Materials and Methods

Voice deconstruction

As we have already established, both glottal source and vocal tract systems are involved in speech production processes. It may be expected that glottal information will be more influenced by the speaker’s phonation habits, while the description of the vocal tract will be more conditioned by the phonetic structure of the message. On its turn, the power spectral density of the glottal source is strongly conditioned by the biomechanics of the vocal folds. Thus, both vocal tract and glottal information seem to be relevant when characterizing a speaker. In order to establish the influence of vocal and glottal information in speaker recognition applications, it would be useful to break down the speech signal in a GSE and a VTE. Early implementations (Alku, 1992a; Gómez et al., 2004; Akande and Murphy, 2005) used to deconstruct the voice signals required frame-based pitch-synchronous processing of the glottal source by phonation cycles for the precise estimation of the voice components.
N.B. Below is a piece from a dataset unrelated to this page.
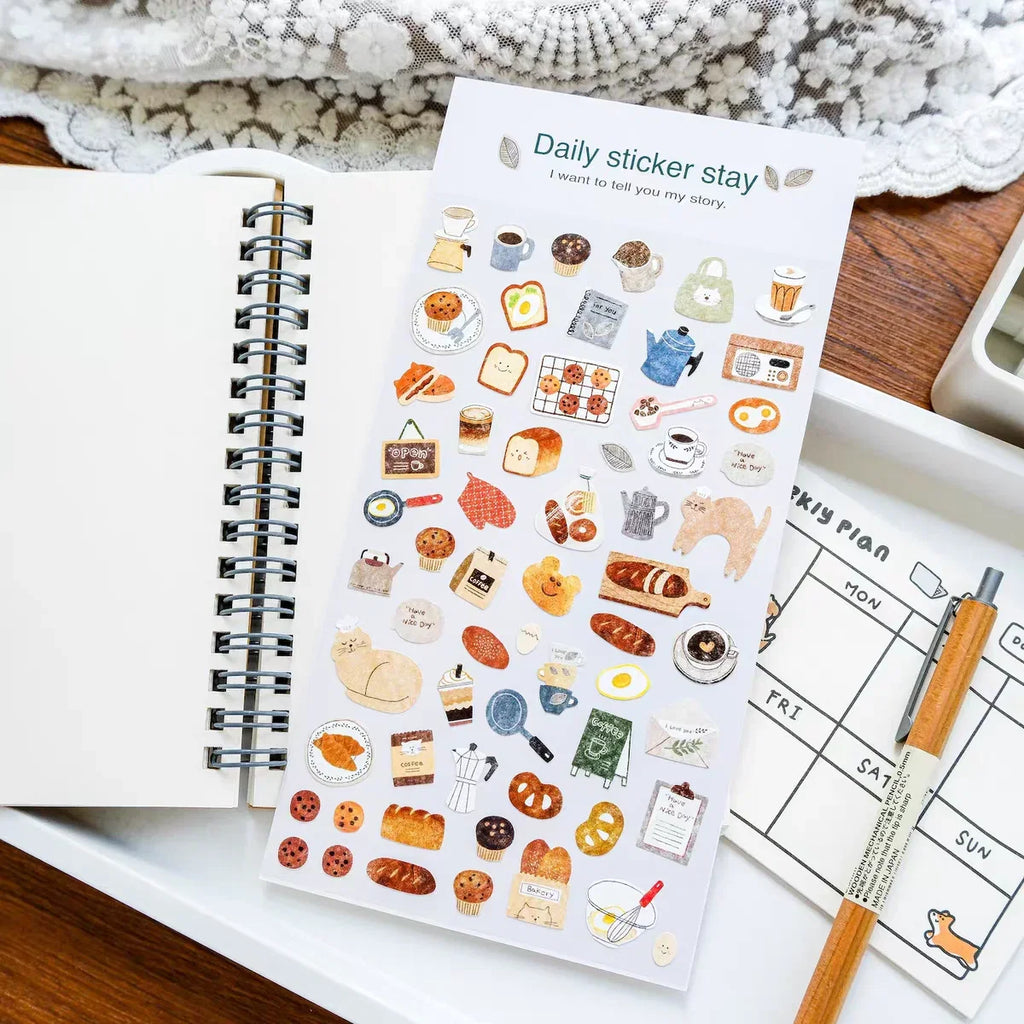 Coffee House Sticker Pack | 50pcs Korean Style Journal Decor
However, this requirement is difficult to be met with sounds of dynamic nature (consonants and glides) not to mention when facing continuous speech. To solve this problem, the theory of inverse filtering via linear prediction, applied to Fant’s production model has been used for the reconstruction of the GSE and VTE. More specifically, predictive structures based on the Itakura–Saito Partial Correlation algorithm (PARCOR) (Itakura and Saito, 1970) have been conveniently modified in order to model and invert the voice production system, providing a highly efficient algorithmic structure known as paired lattice. While a comprehensive description can be found in Mazaira Fernández (2014), Figure 1 provides the block diagram of the voice deconstruction algorithm used to separate the vocal tract and glottal estimates of voice from continuous speech. The proposed algorithm not only allows for a simultaneous estimation of both voice components, but also guarantees that they are orthogonal in terms of correlation. A brief description of the main blocks involved in the process is given below:

Figure 1

Separation algorithm using first-order prediction lattice and including a lip-radiation compensation stage.

Radiation Compensation Block: a first-order prediction lattice has been implemented to compensate lip-radiation effects. Inverse Filtering Block: a k-order filtering process is applied to remove the vocal tract information from the radiation-compensated speech. This process can be implemented using a prediction error lattice. Joint-Process Estimation Block (JPE): The residual is used as the reference signal in an Adaptive lattice-ladder filter used for joint-process estimation on the radiation-compensated speech sl(n). Through this process, a GSE and a VTE are extracted which can be considered fully uncorrelated (second-order decoupling). Separation algorithm using first-order prediction lattice and including a lip-radiation compensation stage. Figure 2 depicts the VTE and GSE obtained from a female speech utterance of vowel/a/applying the described algorithm. Additionally, Figure 3 represents the power spectral density of the GSE, evaluated over a temporal window which includes multiple glottal cycles. This figure clearly shows a peak and trough patterns, agreeing with previous works in the area (Gómez Vilda et al., 2009, 2013; Mazaira Fernández, 2014) that the glottal source do not present a flat spectrum.

Figure 2

Vocal tract (middle) and Glottal source (lower) estimates for a female sustained vowel/a/utterance (upper).

Figure 3

Power spectral density of the glottal source evaluated over a temporal window which includes multiple glottal cycles. The relative maxima of the distribution are marked by the harmonics present in the signal. The interconnection of these maxima is known as harmonic envelope or power spectral density profile.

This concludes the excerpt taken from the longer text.